Revenue Expansion Outpaces Cost Controls

Total revenue rose to SAR 104.83 million, up from SAR 12.48 million last year. Gross profit improved to SAR 6.52 million, a significant increase from SAR 644,000 in H1 2024. However, operating losses nearly doubled to SAR 8.05 million. The surge in revenue failed to offset rising expenses.

Q2 Rebound Offers Glimpse of Recovery

In Q2 2025, the company returned to profitability with SAR 318,000 in net income, reversed a SAR 5.65 million loss in Q1. Stronger sales from subsidiaries and lower cost of sales supported the recovery. Quarterly revenue climbed to SAR 59.97 million, up 34% from Q1 and nearly five times higher than in Q2 2024.

However, Q2’s net profit was still 80% lower than the SAR’s 1.59 million earned in the same quarter last year. This decline was due to lower returns on time deposits and greater financial support for subsidiaries.

Equity Declines and Land Classification Risks

Shareholders’ equity dropped 4.25% to SAR 352.97 million. Earnings per share fell to -SAR 0.178 from SAR 0.09 in H1 2024. Moreover, the external auditor flagged a note about the company’s agricultural land grant. The land, reclassified as an intangible asset, cannot be deeded to Asharqiyah unless released by Saudi Aramco. This legal ambiguity limits its use and value.

 

 

THE SAUDI STANDARD’S VIEW: Commercial Gains Must Now Drive Profit

Despite surging revenue, the Asharqiyah Development H1 2025 loss exposes ongoing structural issues that revenue alone cannot fix.

  • Q2’s return to profitability shows potential. However, the H1 loss of SAR 5.3 million reveals weak cost control and low yield from subsidiaries.
  • The company relies too heavily on group-level financial support and time deposit returns.
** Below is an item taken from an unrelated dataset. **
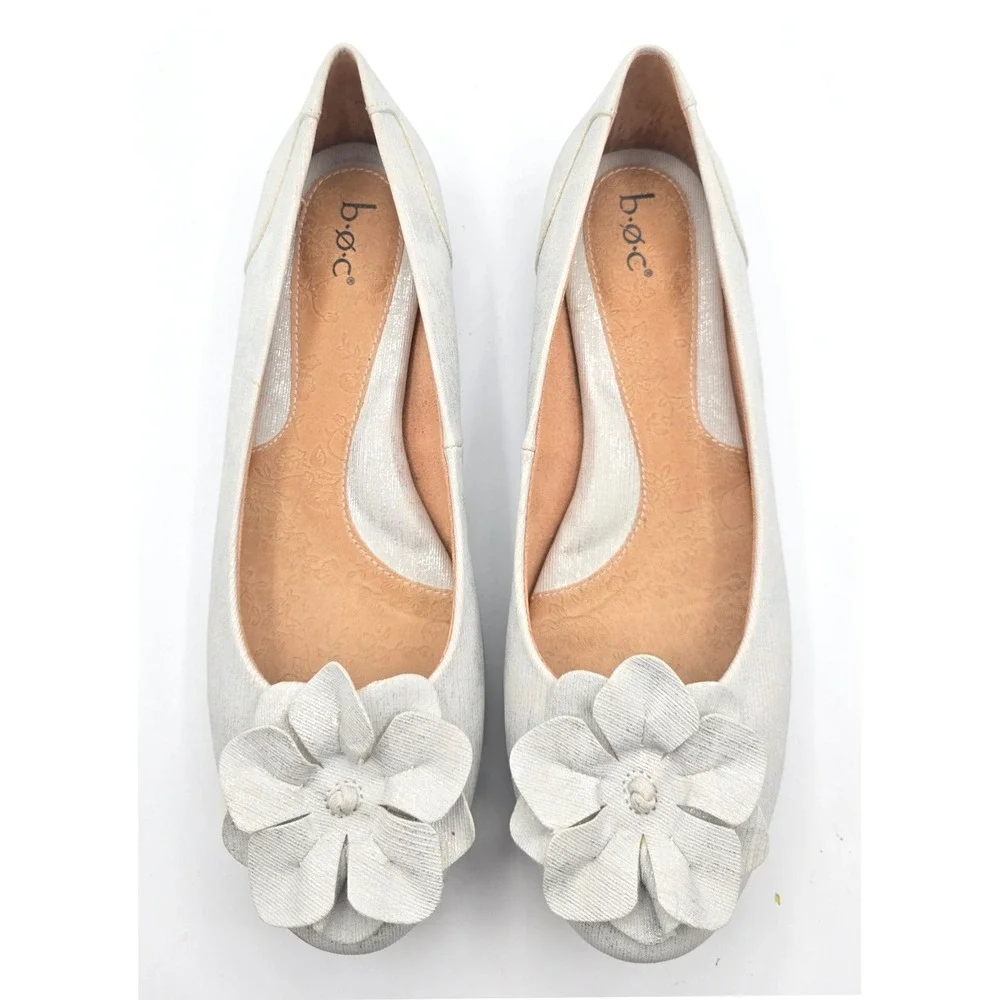 B.O.C. Born Concept‎ Silver White Floral Ballet Flats Womens 9.5 Metallic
This suggests underused capital and a limited reinvestment strategy.
  • The land ownership issue adds legal risk. Without resolution, it blocks asset monetization and clouds long-term planning.
  • Falling equity and negative EPS raise investor concerns. Asharqiyah must restore both operational and financial credibility.

The company’s new business activity aligns with Saudi Arabia’s push for private-sector growth. However, future success depends on matching commercial expansion with cost discipline, capital efficiency, and asset clarity.